Task instructions
When you retype the data, keep every line exactly as it appears.

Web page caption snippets
BEGIN

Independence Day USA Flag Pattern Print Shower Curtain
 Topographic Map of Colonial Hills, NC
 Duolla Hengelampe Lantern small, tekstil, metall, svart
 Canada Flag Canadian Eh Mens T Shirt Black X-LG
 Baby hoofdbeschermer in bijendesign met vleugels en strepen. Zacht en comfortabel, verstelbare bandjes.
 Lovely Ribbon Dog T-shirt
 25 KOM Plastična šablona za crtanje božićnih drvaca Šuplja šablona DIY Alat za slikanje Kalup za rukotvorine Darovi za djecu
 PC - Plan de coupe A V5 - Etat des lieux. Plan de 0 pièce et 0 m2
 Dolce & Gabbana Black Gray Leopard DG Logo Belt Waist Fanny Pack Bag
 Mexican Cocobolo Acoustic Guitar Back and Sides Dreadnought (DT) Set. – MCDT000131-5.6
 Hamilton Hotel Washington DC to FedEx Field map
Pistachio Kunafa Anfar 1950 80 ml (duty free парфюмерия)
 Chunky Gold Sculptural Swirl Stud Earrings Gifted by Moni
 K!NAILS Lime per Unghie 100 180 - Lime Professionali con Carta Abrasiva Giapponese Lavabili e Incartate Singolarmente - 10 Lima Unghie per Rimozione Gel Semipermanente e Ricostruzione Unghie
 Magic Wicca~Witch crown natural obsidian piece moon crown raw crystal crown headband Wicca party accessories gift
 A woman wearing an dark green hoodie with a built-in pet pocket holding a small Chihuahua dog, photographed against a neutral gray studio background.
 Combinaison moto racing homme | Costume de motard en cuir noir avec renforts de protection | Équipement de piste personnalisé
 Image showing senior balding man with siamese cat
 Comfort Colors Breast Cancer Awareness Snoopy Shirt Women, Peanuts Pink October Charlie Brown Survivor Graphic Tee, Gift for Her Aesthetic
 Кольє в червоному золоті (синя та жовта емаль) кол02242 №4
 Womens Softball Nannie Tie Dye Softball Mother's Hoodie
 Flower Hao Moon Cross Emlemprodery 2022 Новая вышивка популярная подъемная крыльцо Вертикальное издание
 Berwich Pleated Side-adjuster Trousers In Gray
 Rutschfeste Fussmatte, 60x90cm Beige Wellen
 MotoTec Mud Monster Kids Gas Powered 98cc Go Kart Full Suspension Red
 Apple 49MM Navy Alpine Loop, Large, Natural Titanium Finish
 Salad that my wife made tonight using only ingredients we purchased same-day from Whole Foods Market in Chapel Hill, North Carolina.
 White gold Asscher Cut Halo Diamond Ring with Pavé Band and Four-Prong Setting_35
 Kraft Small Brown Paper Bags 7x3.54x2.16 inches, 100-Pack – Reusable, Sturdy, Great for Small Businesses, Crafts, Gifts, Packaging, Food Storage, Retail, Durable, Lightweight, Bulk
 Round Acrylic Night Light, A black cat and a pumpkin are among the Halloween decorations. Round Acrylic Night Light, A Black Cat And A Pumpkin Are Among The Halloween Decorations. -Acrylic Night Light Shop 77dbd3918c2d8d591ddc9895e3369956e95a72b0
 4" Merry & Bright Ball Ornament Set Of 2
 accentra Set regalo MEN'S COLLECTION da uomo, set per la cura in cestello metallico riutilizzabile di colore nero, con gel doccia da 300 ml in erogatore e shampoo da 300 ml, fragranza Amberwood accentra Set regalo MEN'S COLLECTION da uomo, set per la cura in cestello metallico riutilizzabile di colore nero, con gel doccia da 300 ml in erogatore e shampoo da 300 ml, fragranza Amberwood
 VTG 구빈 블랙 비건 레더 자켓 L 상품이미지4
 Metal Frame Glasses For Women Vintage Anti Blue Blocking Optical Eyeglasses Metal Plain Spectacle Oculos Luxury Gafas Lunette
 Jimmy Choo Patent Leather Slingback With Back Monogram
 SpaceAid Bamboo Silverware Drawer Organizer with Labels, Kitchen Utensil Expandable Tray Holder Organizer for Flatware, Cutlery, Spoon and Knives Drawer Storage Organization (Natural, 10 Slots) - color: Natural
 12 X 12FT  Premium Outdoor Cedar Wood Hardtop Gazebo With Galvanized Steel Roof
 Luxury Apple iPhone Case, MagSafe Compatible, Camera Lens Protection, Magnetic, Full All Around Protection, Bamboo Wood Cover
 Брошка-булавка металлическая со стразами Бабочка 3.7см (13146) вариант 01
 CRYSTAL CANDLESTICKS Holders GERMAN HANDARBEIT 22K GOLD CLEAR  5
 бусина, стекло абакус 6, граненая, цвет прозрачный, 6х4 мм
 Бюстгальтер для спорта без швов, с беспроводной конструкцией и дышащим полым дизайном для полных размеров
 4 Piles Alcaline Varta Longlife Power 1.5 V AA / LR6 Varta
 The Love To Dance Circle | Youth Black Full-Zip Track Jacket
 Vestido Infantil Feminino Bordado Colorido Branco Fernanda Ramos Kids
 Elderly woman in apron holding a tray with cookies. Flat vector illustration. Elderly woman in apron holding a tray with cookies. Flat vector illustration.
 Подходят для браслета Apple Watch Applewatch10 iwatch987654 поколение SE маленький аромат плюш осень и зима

END

Exercise answer
Independence Day USA Flag Pattern Print Shower Curtain
 Topographic Map of Colonial Hills, NC
 Duolla Hengelampe Lantern small, tekstil, metall, svart
 Canada Flag Canadian Eh Mens T Shirt Black X-LG
 Baby hoofdbeschermer in bijendesign met vleugels en strepen. Zacht en comfortabel, verstelbare bandjes.
 Lovely Ribbon Dog T-shirt
 25 KOM Plastična šablona za crtanje božićnih drvaca Šuplja šablona DIY Alat za slikanje Kalup za rukotvorine Darovi za djecu
 PC - Plan de coupe A V5 - Etat des lieux. Plan de 0 pièce et 0 m2
 Dolce & Gabbana Black Gray Leopard DG Logo Belt Waist Fanny Pack Bag
 Mexican Cocobolo Acoustic Guitar Back and Sides Dreadnought (DT) Set. – MCDT000131-5.6
 Hamilton Hotel Washington DC to FedEx Field map
Pistachio Kunafa Anfar 1950 80 ml (duty free парфюмерия)
 Chunky Gold Sculptural Swirl Stud Earrings Gifted by Moni
 K!NAILS Lime per Unghie 100 180 - Lime Professionali con Carta Abrasiva Giapponese Lavabili e Incartate Singolarmente - 10 Lima Unghie per Rimozione Gel Semipermanente e Ricostruzione Unghie
 Magic Wicca~Witch crown natural obsidian piece moon crown raw crystal crown headband Wicca party accessories gift
 A woman wearing an dark green hoodie with a built-in pet pocket holding a small Chihuahua dog, photographed against a neutral gray studio background.
 Combinaison moto racing homme | Costume de motard en cuir noir avec renforts de protection | Équipement de piste personnalisé
 Image showing senior balding man with siamese cat
 Comfort Colors Breast Cancer Awareness Snoopy Shirt Women, Peanuts Pink October Charlie Brown Survivor Graphic Tee, Gift for Her Aesthetic
 Кольє в червоному золоті (синя та жовта емаль) кол02242 №4
 Womens Softball Nannie Tie Dye Softball Mother's Hoodie
 Flower Hao Moon Cross Emlemprodery 2022 Новая вышивка популярная подъемная крыльцо Вертикальное издание
 Berwich Pleated Side-adjuster Trousers In Gray
 Rutschfeste Fussmatte, 60x90cm Beige Wellen
 MotoTec Mud Monster Kids Gas Powered 98cc Go Kart Full Suspension Red
 Apple 49MM Navy Alpine Loop, Large, Natural Titanium Finish
 Salad that my wife made tonight using only ingredients we purchased same-day from Whole Foods Market in Chapel Hill, North Carolina.
 White gold Asscher Cut Halo Diamond Ring with Pavé Band and Four-Prong Setting_35
 Kraft Small Brown Paper Bags 7x3.54x2.16 inches, 100-Pack – Reusable, Sturdy, Great for Small Businesses, Crafts, Gifts, Packaging, Food Storage, Retail, Durable, Lightweight, Bulk
 Round Acrylic Night Light, A black cat and a pumpkin are among the Halloween decorations. Round Acrylic Night Light, A Black Cat And A Pumpkin Are Among The Halloween Decorations. -Acrylic Night Light Shop 77dbd3918c2d8d591ddc9895e3369956e95a72b0
 4" Merry & Bright Ball Ornament Set Of 2
 accentra Set regalo MEN'S COLLECTION da uomo, set per la cura in cestello metallico riutilizzabile di colore nero, con gel doccia da 300 ml in erogatore e shampoo da 300 ml, fragranza Amberwood accentra Set regalo MEN'S COLLECTION da uomo, set per la cura in cestello metallico riutilizzabile di colore nero, con gel doccia da 300 ml in erogatore e shampoo da 300 ml, fragranza Amberwood
 VTG 구빈 블랙 비건 레더 자켓 L 상품이미지4
 Metal Frame Glasses For Women Vintage Anti Blue Blocking Optical Eyeglasses Metal Plain Spectacle Oculos Luxury Gafas Lunette
 Jimmy Choo Patent Leather Slingback With Back Monogram
 SpaceAid Bamboo Silverware Drawer Organizer with Labels, Kitchen Utensil Expandable Tray Holder Organizer for Flatware, Cutlery, Spoon and Knives Drawer Storage Organization (Natural, 10 Slots) - color: Natural
 12 X 12FT  Premium Outdoor Cedar Wood Hardtop Gazebo With Galvanized Steel Roof
 Luxury Apple iPhone Case, MagSafe Compatible, Camera Lens Protection, Magnetic, Full All Around Protection, Bamboo Wood Cover
 Брошка-булавка металлическая со стразами Бабочка 3.7см (13146) вариант 01
 CRYSTAL CANDLESTICKS Holders GERMAN HANDARBEIT 22K GOLD CLEAR  5
 бусина, стекло абакус 6, граненая, цвет прозрачный, 6х4 мм
 Бюстгальтер для спорта без швов, с беспроводной конструкцией и дышащим полым дизайном для полных размеров
 4 Piles Alcaline Varta Longlife Power 1.5 V AA / LR6 Varta
 The Love To Dance Circle | Youth Black Full-Zip Track Jacket
 Vestido Infantil Feminino Bordado Colorido Branco Fernanda Ramos Kids
 Elderly woman in apron holding a tray with cookies. Flat vector illustration. Elderly woman in apron holding a tray with cookies. Flat vector illustration.
 Подходят для браслета Apple Watch Applewatch10 iwatch987654 поколение SE маленький аромат плюш осень и зима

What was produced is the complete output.